В Виттенберге Бруно встретил самый радушный прием. Оказалось достаточным одного лишь заявления, что он, Бруно – питомец муз, друг человечества и философ по профессии, чтобы тотчас быть внесенным в список университета и получить, без всяких препятствий, право на чтение лекций. Бруно остался очень доволен приемом и в порыве благодарности назвал Виттенберг немецкими Афинами. В университете он встретил своего старого друга и земляка, юриста Альберика Гентиля, с которым познакомился еще в Оксфорде. Последний предоставил ему возможность читать об Органоне Аристотеля. Остальные профессора университета также отнеслись к нему сочувственно, чем позднее он не мог нахвалиться в речи, с которой в 1587 году обратился по одному поводу к университетскому совету.

Бруно, кроме «Органона», читал также лекции по метафизике, математике и физике, причем не забыл и о своем коньке – Луллиевом искусстве. В Виттенберге он отпечатал, с посвящением французскому королю Генриху III, сто двадцать тезисов, составлявших предмет его знаменитого диспута, в Троицын день, в Париже. Кроме того, он издал две книги о Луллиевом искусстве. В те времена Виттенберг был убежищем свободной мысли и напоминал лучшие годы Лютера. Здесь Бруно мог не скрывать своих философских убеждений; никто не спрашивал об его отношениях к католицизму, Лютеру или Кальвину; он мог безбоязненно проповедовать свое излюбленное учение о бесконечности вселенной и множестве миров.

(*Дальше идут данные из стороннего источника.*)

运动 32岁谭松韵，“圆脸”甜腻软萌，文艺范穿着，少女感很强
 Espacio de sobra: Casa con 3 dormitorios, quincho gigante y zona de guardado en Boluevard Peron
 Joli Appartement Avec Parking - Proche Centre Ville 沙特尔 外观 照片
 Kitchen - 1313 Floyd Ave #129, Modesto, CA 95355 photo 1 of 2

Однако звезда нашего философа недолго блистала над горизонтом Виттенберга. Это продолжалось лишь до тех пор, пока лютеране преобладали в университете. Лютеранскому курфюрсту Августу в 1586 году наследовал его сын Христиан, ярый кальвинист. При нем реформаты достигли такого господства, что принудили правительство издать в 1588 году постановление, настрого запрещавшее лютеранам всякую полемику против кальвинистов. Понятно, что Бруно, все друзья которого были лютеране, стал опасаться, чтобы восторжествовавшие кальвинисты не положили конец его свободной научной и философской деятельности; ведь объявил же Меланхтон, друг кальвинистов и упорный приверженец Аристотеля, что учение Коперника опасно для веры. Поэтому, чтобы избежать унизительного положения, в которое он мог попасть благодаря изменившимся условиям, Бруно решился сам оставить Виттенберг, где в течение двух лет поучал немецкое юношество, и искать в другом месте арену для своей деятельности.

Перед отъездом, 8 марта 1588 года, Бруно произнес торжественную речь, в которой в самых теплых выражениях благодарил Виттенбергский университет и всю Германию за гостеприимство и превозносил Лютера за услуги, оказанные им человечеству. Восхваляя Лютера, он имел в виду, конечно, не положительную часть его учения, к которой Бруно, в качестве философа, так же мало питал симпатии, как и к учению Кальвина; о ненависти его к доктрине последнего о спасении без добрых дел мы говорили уже раньше. Он видел в Лютере прежде всего победоносного борца против римской иерархии и папства, превозносил в нем защитника свободы исследования, необходимость которой он понимал глубже и серьезнее всех своих современников и за которую он пожертвовал своею жизнью. Бруно ожидал, что реформация повлечет за собою преобразования во всех областях человеческой жизни, и он не ошибся. Действительно, несмотря на окаменелость, в которую вскоре после того впали лютеране, протестантизм от начала реформации все-таки был и остается до нашего времени главным убежищем свободы исследования. Без Лютера было бы немыслимо дальнейшее развитие философской мысли в Германии.